Next time you are walking down the street and turn your head towards an unobtrusive grey camera - watch out. If the device is Nokia's new Observation Camera a picture of your face could be winging its way as an MMS (multimedia message service) to someone else's mobile phone.
At first glance the camera, launched earlier this month in the UK, looks like any other CCTV camera. Yet pop in a Sim card and the camera's phone functionality is activated, enabling it to send images to other phones via MMS or to PCs using e-mail.
Owners can phone the camera and listen to the sounds it picks up via its microphone, or control the device remotely, enabling them to send a text message and receive an image via MMS in return. It can also be pre-set to send images/text warnings if it detects movement or if the temperature exceeds pre-set limits.
Nokia has come up with an imaginative list of potential uses for the camera. Planning to visit your favourite bar? You can find out via the camera who is buying the drinks. Want to find how much snow there is at the top of the mountain? You will be able to see by sending a text message to the camera.
While those ideas sound great in theory, the camera will have one prime use - security. Almost everyone is eyeing up the security market, from BT with its home-monitoring system to network camera manufacturers such as Veo and Panasonic, whose products display constant images via a dedicated web page.
There are also a small number of cameras that can be integrated into Wi-Fi systems so that if they sense an intruder they can e-mail the user.
The leap forward for the Nokia product is that the mobile phone is the one device that is always accessible. Unlike an e-mail alert that may sit for hours unopened on a server somewhere, users will get their SMS or MMS within seconds. In theory, the snaps it takes might also come in handy in identifying a burglar after a crime has been committed.
It is difficult to gauge the camera's likely effectiveness. The motion sensor seems fairly sophisticated, but I wouldn't bet against some users getting a load of MMSes of the local pigeon population. The images it takes are pretty good, too - you can specify their resolution to keep within the parameters of the size of message your network lets you send.

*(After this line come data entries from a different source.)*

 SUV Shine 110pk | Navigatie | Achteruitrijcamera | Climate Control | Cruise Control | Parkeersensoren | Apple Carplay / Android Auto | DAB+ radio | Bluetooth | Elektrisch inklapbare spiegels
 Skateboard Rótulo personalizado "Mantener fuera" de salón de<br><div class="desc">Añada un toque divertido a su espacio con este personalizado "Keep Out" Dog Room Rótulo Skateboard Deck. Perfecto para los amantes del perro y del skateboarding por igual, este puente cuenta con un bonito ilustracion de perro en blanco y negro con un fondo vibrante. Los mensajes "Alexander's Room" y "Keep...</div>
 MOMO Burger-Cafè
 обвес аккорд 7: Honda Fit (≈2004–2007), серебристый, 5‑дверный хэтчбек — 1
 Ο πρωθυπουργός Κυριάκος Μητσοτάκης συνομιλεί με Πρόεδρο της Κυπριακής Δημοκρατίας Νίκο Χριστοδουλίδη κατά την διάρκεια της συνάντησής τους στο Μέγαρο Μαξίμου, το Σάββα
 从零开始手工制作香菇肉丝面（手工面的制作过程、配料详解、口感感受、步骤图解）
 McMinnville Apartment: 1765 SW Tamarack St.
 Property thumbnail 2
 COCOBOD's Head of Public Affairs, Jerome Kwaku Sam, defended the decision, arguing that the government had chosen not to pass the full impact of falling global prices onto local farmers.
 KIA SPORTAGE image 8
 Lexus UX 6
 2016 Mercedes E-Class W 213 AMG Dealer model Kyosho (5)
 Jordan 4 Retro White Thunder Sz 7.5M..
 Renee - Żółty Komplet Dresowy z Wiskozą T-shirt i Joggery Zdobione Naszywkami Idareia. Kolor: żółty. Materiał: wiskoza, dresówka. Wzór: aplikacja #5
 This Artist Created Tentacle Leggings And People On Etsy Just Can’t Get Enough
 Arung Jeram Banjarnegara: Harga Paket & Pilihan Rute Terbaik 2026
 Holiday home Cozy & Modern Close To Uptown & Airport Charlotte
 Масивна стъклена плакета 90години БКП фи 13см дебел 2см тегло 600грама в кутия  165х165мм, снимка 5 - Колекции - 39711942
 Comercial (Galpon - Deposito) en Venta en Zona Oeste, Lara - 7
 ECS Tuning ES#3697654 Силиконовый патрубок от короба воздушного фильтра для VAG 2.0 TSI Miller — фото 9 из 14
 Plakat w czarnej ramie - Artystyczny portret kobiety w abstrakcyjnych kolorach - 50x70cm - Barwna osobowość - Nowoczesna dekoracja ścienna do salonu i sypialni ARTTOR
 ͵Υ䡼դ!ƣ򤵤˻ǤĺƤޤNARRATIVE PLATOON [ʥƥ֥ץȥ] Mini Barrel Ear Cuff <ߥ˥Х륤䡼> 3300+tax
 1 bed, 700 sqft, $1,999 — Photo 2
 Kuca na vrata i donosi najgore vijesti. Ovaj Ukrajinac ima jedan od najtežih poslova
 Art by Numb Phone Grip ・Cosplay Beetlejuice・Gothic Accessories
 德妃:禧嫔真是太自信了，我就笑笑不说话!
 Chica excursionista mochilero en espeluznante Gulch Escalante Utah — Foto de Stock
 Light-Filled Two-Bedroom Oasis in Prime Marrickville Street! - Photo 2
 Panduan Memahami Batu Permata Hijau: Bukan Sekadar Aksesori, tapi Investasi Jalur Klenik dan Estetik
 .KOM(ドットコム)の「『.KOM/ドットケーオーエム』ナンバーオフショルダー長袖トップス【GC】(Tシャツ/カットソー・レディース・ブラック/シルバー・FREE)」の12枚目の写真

There are a couple of key weaknesses. First, the camera is not exactly plug and play: users have to configure the camera either via SMS, or by using the PC, the route I chose. Even after following instructions to the letter, I couldn't get the camera to work without enlisting extra help. I suspect Nokia's technical centre is going to be fairly busy with this one.
Second, while the camera costs £300, users need to budget an extra £35 a year. That's because the camera is classified as a CCTV device and owners have to register and pay in order to ensure compliance with the 1998 Data Protection Act.
Overall, the camera is an impressive piece of kit. And while it has clear value as part of a security system I doubt that snooping on the local cat population and snapping would-be felons will be the limitations of its use. If ever there was a cool device in need of a killer application, it is this camera.